Nothing germane to the property should be Photoshopped, says Aaron Seawood, founder of Team Carte Blanche and licensed associate real estate broker at Triplemint. But sometimes smoothing out, say, a wrinkled bedspread lends a cleaner presentation, Seawood says.

4. Spaces are decluttered.

In some cases, agents will remove items like a toilet bowl brush in the bathroom, Yu says. Other agents have had cars in the driveway photoshopped out. To help make a listing look more aesthetically pleasing, random lamp cords and media cables might be virtually eliminated, Seawood says. 

5. Pools are a prettier shade of blue.

A pool (or a fountain) can be a good Photoshop opportunity, says Ajay Pondicherry, co-founder and CEO of Block Party, a mobile app for real estate agents. “If you ever see the most crystal-clear Bali-blue water in a run-of-the-mill backyard pool, there is likely a little filter added in post-production,” Pondicherry says.

Credit: felixhomes.com

6. Stains and cracks on walls and floors vanish.

Stains, cracks, and other imperfections can be easily removed with Photoshop, or even with just a different exposure setting or lens speed,” says Emile L’Eplattenier, managing editor and chief real estate analyst at theclose.com. Most agents won’t try to cover up major damage, but a lightly scratched floor or water-stained plaster wall can be spruced up to look less shabby online.
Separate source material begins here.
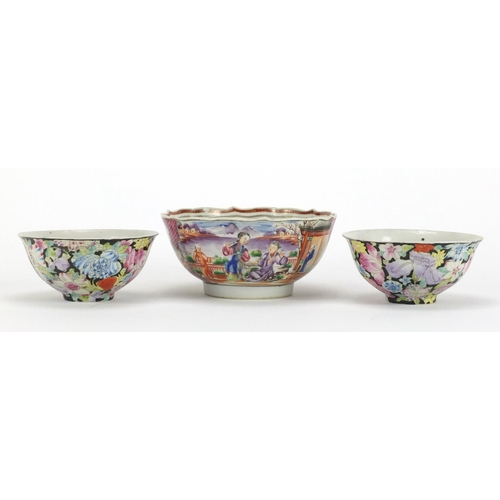 209 - Three Chinese porcelain bowls including a pair hand painted with Thousand Flowers, the largest 14cm ...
7. Lighting and temperature settings are switched.

To make colors look true to life, you really need natural light, Forte says. It’s much more flattering than light from a lamp or from ceiling lights that cast yellow tones and create shadow, he explains. “It’s best to take photos on a sunny or partially cloudy day and open as many curtains and blinds as you can,” Forte says. “Shadows and tones can be adjusted in Photoshop, but this takes time and doesn’t always look as genuine.” 

A few edits he typically makes to home interior shots relate to brightness and temperature levels, because even with natural light, photos look more vibrant when lightened a bit. In addition, if there’s wooden furniture or wood flooring in the room, the photo can look too cold. “So, I adjust the temperature settings a bit to make it feel warmer and make the features pop,” he says.

8. Furniture colors are changed.

Too many colors in a room can make it look instantly cluttered, so altering the colors of non-permanent furniture to blend in can bring more cohesion to the space, says Jared Bauman, editor in chief of Photography for Real Estate.

9. Wide angle lenses are used.

This lens setting helps capture more of the room, says Matus. “This helps the viewer get a better sense of the overall layout of a room, and in some cases, the home, when they can see doorways or peeks of the adjoining room,” she says. But if any photos of the home are shot using a wide angle lens, it should be noted as per local MLS, or Multiple Listing Service, rules, she says. 

10. Virtual staging fills up an empty room.

When a home is vacant or has little or no furniture in it, it may be “virtually” staged, where furniture and decor is Photoshopped in, Matus says. Again, if a listing has been virtually staged, she says, it should be noted.